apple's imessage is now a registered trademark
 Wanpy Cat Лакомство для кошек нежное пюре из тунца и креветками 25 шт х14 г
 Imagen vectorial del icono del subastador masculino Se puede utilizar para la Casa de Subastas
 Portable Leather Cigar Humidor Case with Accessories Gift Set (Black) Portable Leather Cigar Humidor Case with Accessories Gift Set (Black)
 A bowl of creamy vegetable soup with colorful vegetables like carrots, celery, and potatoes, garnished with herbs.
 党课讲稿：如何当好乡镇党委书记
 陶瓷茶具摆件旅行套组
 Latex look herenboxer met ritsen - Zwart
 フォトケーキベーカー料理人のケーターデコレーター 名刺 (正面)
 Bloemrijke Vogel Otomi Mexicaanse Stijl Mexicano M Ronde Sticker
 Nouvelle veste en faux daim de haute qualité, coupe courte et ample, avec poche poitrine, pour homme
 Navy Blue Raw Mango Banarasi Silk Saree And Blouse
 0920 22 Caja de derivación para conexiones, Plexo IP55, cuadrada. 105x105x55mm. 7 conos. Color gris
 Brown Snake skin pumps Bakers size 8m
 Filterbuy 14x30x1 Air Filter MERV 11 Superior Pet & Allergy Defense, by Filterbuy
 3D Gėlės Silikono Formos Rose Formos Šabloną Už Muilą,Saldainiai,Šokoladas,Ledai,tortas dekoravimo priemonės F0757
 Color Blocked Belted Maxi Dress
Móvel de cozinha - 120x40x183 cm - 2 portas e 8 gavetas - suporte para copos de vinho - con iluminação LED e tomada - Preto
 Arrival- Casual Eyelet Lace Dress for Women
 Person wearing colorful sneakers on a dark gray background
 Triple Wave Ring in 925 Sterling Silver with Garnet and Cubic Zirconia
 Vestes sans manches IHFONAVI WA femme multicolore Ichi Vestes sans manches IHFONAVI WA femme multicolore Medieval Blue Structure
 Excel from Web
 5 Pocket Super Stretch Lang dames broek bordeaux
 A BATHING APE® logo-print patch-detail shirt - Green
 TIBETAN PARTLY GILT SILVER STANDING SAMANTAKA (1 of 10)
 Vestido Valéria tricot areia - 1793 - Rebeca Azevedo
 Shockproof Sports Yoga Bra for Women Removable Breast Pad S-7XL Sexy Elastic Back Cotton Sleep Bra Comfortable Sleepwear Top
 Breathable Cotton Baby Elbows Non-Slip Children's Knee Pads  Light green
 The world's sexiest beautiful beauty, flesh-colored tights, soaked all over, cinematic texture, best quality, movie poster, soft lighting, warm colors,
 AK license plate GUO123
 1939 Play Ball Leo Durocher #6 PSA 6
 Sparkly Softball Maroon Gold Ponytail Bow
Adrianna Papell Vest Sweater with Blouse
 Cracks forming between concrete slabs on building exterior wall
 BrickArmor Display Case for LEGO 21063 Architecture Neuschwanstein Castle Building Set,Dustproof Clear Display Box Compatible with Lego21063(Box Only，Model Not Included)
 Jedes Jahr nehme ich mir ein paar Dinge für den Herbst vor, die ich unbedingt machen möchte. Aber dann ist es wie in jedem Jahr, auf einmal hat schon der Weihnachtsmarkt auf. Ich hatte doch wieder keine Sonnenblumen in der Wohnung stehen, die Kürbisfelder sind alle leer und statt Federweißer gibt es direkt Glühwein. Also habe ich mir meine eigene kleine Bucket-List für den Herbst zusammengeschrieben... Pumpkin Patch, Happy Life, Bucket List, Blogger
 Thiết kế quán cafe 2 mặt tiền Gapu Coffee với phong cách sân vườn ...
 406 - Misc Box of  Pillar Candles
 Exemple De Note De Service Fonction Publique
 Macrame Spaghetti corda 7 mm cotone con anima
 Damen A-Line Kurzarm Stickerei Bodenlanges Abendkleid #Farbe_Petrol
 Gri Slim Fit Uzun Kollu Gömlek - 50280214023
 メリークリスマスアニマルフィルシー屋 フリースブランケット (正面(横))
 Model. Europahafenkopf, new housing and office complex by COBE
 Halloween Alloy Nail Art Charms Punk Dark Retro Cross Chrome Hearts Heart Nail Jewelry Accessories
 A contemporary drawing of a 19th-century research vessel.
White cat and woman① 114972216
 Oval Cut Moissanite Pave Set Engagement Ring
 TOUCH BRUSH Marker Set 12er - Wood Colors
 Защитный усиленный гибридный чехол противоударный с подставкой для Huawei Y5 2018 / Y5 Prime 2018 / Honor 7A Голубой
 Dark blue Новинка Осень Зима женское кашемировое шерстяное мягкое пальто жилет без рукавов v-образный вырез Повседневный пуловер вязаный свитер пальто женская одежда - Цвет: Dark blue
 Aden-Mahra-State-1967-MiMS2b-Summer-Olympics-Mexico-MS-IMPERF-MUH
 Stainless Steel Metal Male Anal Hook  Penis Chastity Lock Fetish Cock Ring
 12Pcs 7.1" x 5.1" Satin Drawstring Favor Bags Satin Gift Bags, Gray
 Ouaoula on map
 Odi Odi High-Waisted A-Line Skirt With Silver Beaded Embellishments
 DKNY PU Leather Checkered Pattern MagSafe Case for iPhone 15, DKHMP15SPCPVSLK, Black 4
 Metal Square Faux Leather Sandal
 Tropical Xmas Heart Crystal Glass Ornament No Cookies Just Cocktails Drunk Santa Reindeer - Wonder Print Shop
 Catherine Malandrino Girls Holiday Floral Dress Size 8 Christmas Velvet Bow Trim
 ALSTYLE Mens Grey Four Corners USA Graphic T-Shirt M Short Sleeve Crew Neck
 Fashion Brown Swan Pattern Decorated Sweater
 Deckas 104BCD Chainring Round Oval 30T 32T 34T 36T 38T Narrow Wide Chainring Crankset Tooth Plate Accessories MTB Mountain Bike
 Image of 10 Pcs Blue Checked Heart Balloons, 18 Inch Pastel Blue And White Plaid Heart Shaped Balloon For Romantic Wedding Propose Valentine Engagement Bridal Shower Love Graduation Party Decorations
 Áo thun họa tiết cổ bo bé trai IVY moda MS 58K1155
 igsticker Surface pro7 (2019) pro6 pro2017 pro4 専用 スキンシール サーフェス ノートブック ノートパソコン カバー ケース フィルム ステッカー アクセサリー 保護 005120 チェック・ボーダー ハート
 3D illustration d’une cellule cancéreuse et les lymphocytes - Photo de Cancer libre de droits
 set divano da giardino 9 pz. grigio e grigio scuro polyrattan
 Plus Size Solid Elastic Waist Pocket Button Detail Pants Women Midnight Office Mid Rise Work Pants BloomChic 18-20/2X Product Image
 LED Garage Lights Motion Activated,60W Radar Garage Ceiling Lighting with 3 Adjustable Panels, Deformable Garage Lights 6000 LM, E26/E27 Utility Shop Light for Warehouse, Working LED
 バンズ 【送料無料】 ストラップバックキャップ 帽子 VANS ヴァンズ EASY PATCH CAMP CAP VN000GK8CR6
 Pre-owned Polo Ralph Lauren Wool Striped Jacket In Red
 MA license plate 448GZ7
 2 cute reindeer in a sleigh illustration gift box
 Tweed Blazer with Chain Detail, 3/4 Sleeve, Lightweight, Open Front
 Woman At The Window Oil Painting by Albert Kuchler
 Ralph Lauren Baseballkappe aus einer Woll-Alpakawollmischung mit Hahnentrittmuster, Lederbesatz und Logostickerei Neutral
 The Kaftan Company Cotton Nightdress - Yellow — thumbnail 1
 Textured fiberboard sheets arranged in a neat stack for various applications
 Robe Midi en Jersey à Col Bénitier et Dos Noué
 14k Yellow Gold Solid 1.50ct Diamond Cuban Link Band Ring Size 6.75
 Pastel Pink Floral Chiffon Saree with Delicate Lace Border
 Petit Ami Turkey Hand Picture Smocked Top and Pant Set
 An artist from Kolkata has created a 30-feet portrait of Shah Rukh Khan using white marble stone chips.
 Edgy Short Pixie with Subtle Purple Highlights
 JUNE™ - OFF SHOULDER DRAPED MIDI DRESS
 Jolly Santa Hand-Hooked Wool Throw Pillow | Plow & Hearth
####################
## Work task
Quote exactly the lines running from the start of the listing above through the line where "A bowl of creamy" is found, and output no other lines.

## Output for this exercise
apple's imessage is now a registered trademark
 Wanpy Cat Лакомство для кошек нежное пюре из тунца и креветками 25 шт х14 г
 Imagen vectorial del icono del subastador masculino Se puede utilizar para la Casa de Subastas
 Portable Leather Cigar Humidor Case with Accessories Gift Set (Black) Portable Leather Cigar Humidor Case with Accessories Gift Set (Black)
 A bowl of creamy vegetable soup with colorful vegetables like carrots, celery, and potatoes, garnished with herbs.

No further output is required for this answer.